节点文献

Web社区发现算法的研究

A Syudy of Web Community Detection Algorithm

【作者】 黄伟平

【导师】 刘瑞芳;

【作者基本信息】 北京邮电大学 , 电子与通信工程(专业学位), 2013, 硕士

【摘要】 社区发现技术是网络研究中一项非常重要的技术,因为社区结构在定程度上反映了真实系统的拓扑关系,所以,识别出网络图中的潜在社区具有非常重要的研究意义。特别需要指出的,随着互联网的飞速发展,其已经成为了人类社会生活中不可缺少的一部分,发现并分析存在于互连网中的社区则具有史深刻的意义。我们知道,现实生活中的各种社交圈子可以在某些层面上,反映出人与人之间的关系。而同一社交圈子的人通常在网络上也会存在一些联系,因此对诸如FaceBook、 Twitter、新浪微博、天涯、猫扑、豆瓣网、人人网等在线社交网络进行社区结构分析,进而发现人们之问存在的各种潜在关系,这样不仅可以快速的了解和预测人们的活动,而且还可以更加有效的监测社会舆论的发展情况,同时也可以在对比现实社区和虚拟网络社区中人们活动的异同时给我们提供依据。

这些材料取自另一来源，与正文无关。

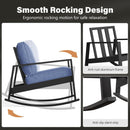 Outdoor Rocking Bistro Set Of 3, Oversized Rocking Chairs With Cushions And Side Table - Black / Blue by HouseOfZazla
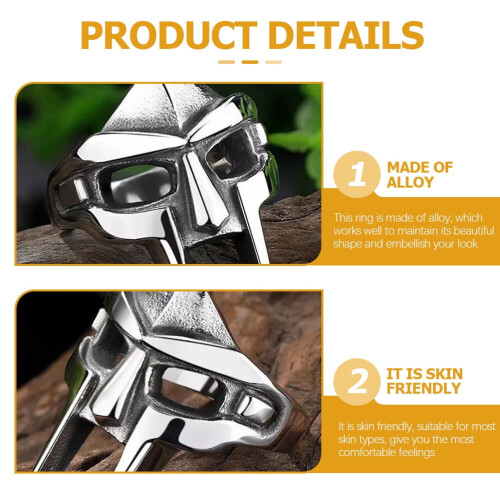 Gothic Mask Ring Stackable Alloy Men's Ring 2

另外,现如今基本每一个在线商城都有商品推推荐功能,而这个功能的实现其实也是基于社区发现技术的。商品推荐系统的关键其实就是要把那些具有相似购买兴趣的顾客从庞大的顾客和商品购买关系网络中识别出来,这个过程其实就是一个社区发现的过程。再者,互联网中充斥着各种各样的信息,想要快速的从这些海量数据中,提取出用户需要的信息是很不容易的。如果我们对互联网中存在的这些信息进行社区发现的话,不仅可以把这个问题解决,还可以实现针对个人的信息推荐,以及网络中的智能搜索功能,从而带领用户,让他们更加准确和快速的找到自己感兴趣的信息。本文首先对一些和社区发现技术有关的理论知识进行了介绍,之后又对一些早期的比较经典的社区发现算法,如传统图分割算法Kernighan-Lin算法、层次聚类方法中的GN算法、基于模块度优化的Newman快速算法(其也属于凝聚算法)、谱分析算法普分法、以及Palla等人提出的用于重叠社区发现的CPM算法等进行了介绍,同时还对它们的优势及不足,算法的复杂度度及适用范围进行了分析。此外,还对社区质量客观评价标准进行了介绍。本文在深入分析并理解现有社区发现算法的基础上,结合微博这种双向性社交网络的特性,提出了两个针对微博的社区发现新算法,分别是:1)基于社区吸引力的社区发现算法和2)基于社区吸引力的重叠社区发现新算法。其中,算法1)的提出,是为了解决现有社区发现算法在面对微博这种大规模网络时复杂度过高而难以应用的问题。算法1)不仅在时间复杂度方面优于现有的社区发现算法,同时在社区发现精准度方面也有不俗的表现。而算法2)的提出,是因为我们考虑到在现实世界中一个用户可能会同时属于多个社区,而现有的大多数算法以及我们所提出来的算法1)都是简单把每个用户划分到一个单独的社区中,而这与事实有点不太相符;同时,现有的一些重叠社区发现算法在面对大规模网络时性能不佳,算法2)解决这些问题。最后,我们还给出了这两个算法的实验结果,这些实验结果对我们所提出的两个算法在社区发现的有效性和高效性上均给出了有力的证明。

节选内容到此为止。